My proposal will be including the metadata to each column:
With the following CSV data:
c;c;c;c_1
1;2;3;4
The ParseResult.data
will be like:
[{
"c": {
"originalName": "c",
"value": "1"
},
"c_1": {
"originalName": "c"
"value": "2"
},
"c_2": {
"originalName": "c",
"value": 3
},
"c_3": {
"originalName": "c",
"value": 4
}
}]
Alternatively, the column renaming metadata can be included in ParseResutl.meta
, like:
"columnNameMapping": {
"c": "c",
"c_1": "c",
"c_2": "c",
"c_3": "c",
}
If this is a good idea, I'm happy to create a PR to handle it.
HI @FallingCeilingS,
Thanks for your proposal.

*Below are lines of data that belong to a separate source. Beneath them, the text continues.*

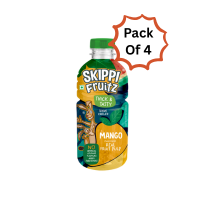 Thick & Tasty Skippi Fruitz Mango Juice, 200 ML, Pack of 4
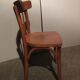 Ancienne chaise bistrot en bois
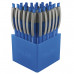 Ручка гелева, автоматична, 0,7 мм, синя Milan Dry Gel (ml.176540125) Фото 1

I think the best will be to include the renamed columns in metadata, so the original values can be restored back by just reading them.
It will be great if you can create a MR for it.
I will expect that the tests cases are extendend to test that the proper metadata is generate but also that the documentation is extended to explain the new available metadata.
I think the property should be named renamedHeaders
so it can be accessed with ParseResult.meta.renamedHeaders
Thanks for the reply @pokoli - I'll create a PR once I have free time.
Thank you so much for taking the effort!
@pokoli - the PR is ready for review.
CC: @mholt .
@FallingCeilingS I will release a new version once I have soem time.
I close the issue for now as there is nothing to do now.
Just for reference, this was solved with #990
This exactly solves the issue I was trying to solve, thank you! (I originally landed on #129). And thanks to all who have contributed fixes/updates to related functionality to duplicate headers.
I see a new tag is pending. Meanwhile, here is the solution hack I'm using to detect duplicates until this feature is available:
function completeFn(results: Papa.ParseResult<any>): void {
const uniqueFieldNames = new Set();
const duplicateFieldNames: string[] = [];
for (const fieldName of results.meta.fields) {
if (fieldName.slice(-2) === '_1') {
const originalFieldName = fieldName.slice(0, -2);
const isDuplicate = uniqueFieldNames.has(originalFieldName);
if (isDuplicate) {
duplicateFieldNames.push(originalFieldName);
} else {
uniqueFieldNames.add(originalFieldName);
}
} else {
uniqueFieldNames.add(fieldName);
}
}
// At this point, uniqueFieldNames contains all field names that are not duplicates, and duplicateFieldNames contains duplicates.
}
const papaParseConfig: Papa.ParseLocalConfig = {
header: true,
complete: completeFn,
};
This only checks if there is 1 duplicate, and doesn't work correctly if someone had a field with _1
in the suffix. In my use case, those are acceptable risks.
When a tag is made I will upgrade, test, and post back confirmation PR #990 works.